Portugueses Extraordinários

O pai não a deixou realizar o sonho de dedicar a vida ao teatro, mas os sonhos não são coisa de que se desista. À beira dos oitenta, Odete Pinto Claro cumpriu o dela. No grupo de teatro amador que fundou, é dramaturga, encenadora e atriz. E ainda dá aulas numa universidade senior.

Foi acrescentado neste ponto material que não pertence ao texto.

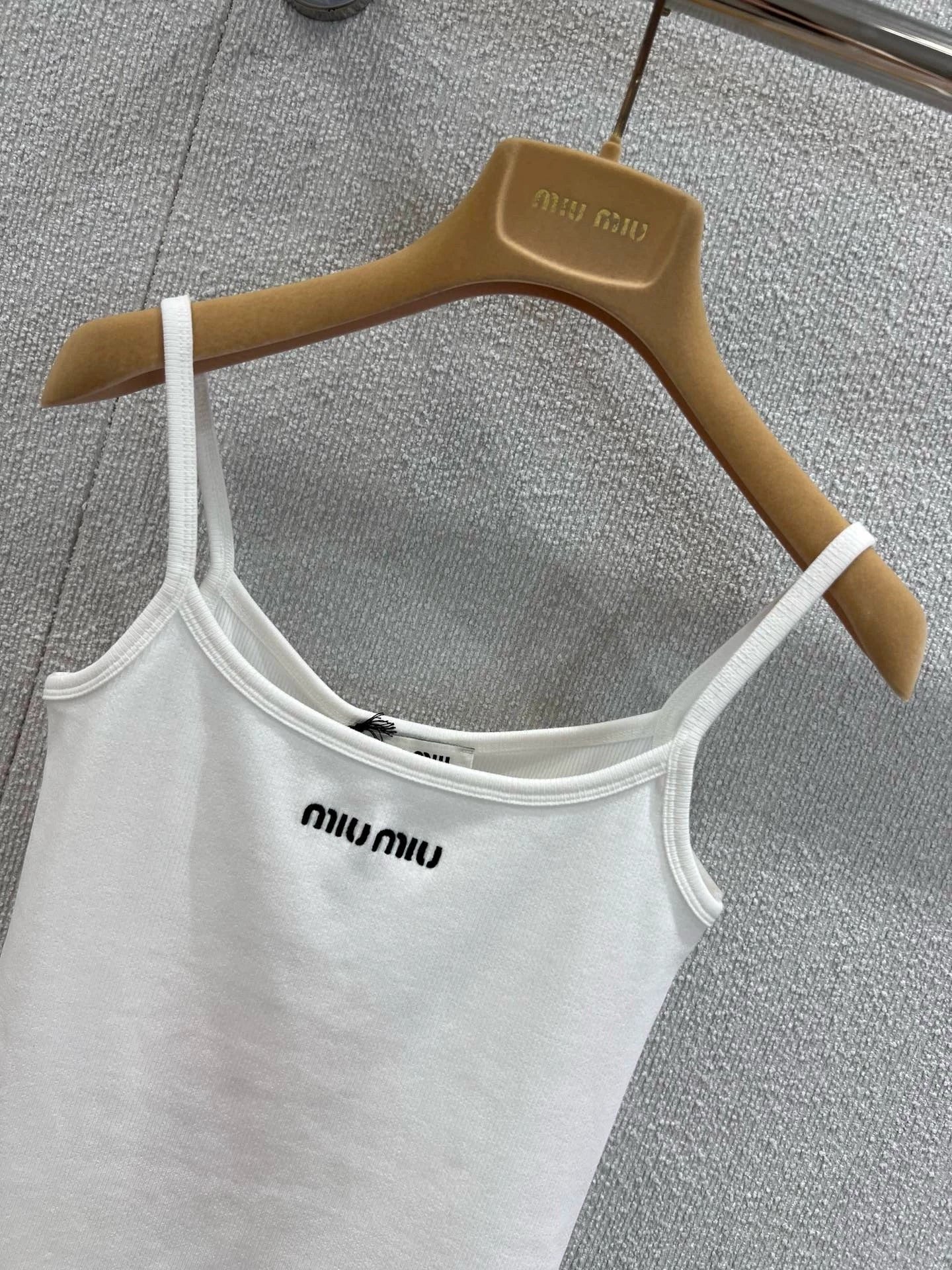 25 Lettering embroidered camisole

Cada um é para o que nasce e Odete, 79 anos, natural de Almada, nasceu para o teatro. Com dois anos já dava espetáculo, para deleite da plateia familiar. Aos 13, estreou-se na Academia Almadense, casa onde aprendeu tudo com o ator Joaquim Rosa, que via nela uma futura estrela. Futuro interrompido quando disse ao pai que queria ir para o Conservatório e apanhou a maior sova da sua vida. Outros tempos. Odete Pinto Claro, apesar da voz a fazer lembrar a da Amélia Rey Colaço e da força e alegria que lhe vemos hoje, e adivinhamos ontem, não teve como contrariá-lo. Casou, teve filhos, costurou e bordou bandeiras. Mas nunca deixou de representar nem de escrever, nem de inventar histórias nem de ler. E quando, aos 63 anos, a reforma do marido a fez mudar a vida toda para a aldeia da Percelada, concelho de Tábua, Odete determinou-se em cumprir o sonho. Fundou o Grupo de Teatro Amador da Percelada, que hoje se chama Perceladarte, Associação Juvenil. Numa terra com 170 habitantes, arrebanhou os jovens para o palco e todos para a plateia. «No início, andava porta-a-porta a vender bilhetes e diziam-me que já tinham visto muito circo. Hoje, estou a ensaiar uma peça e já me estão a pedir para os reservar. Os miúdos ao princípio representavam muito mal. Havia de os ver. Mas fizeram-se. E adoram. Não havia aqui nada para eles e é isso que leva a maus caminhos. Assim têm objetivos e ocupam bem o tempo». Odete também. Quando não está a ensaiar, está a escrever – todos os anos apresenta uma peça nova – ou a arranjar forma de produzir os espetáculos: é tudo feito por eles. E ainda dá aulas de teatro às quartas-feiras na Academia Senior de Tábua. «Tenho 27 alunos, de licenciados a gente com a quarta classe, como eu, mas ali somos todos iguais. Dou autores portugueses, exercícios de memória, de interação, de postura, tanta coisa.» Experiência que já lhe valeu ser convidada para dar palestras noutras universidade. Tudo faz com um sorriso. E não para. «Outro dia, dizia à minha neta “eu queria envelhecer com o teu avô, mas quando acordo só me apetece ir ao cinema ou ao teatro ou nadar no rio”. Gosto tanto de viver. E quando morrer, que seja em cima do palco. Assim, morro feliz.»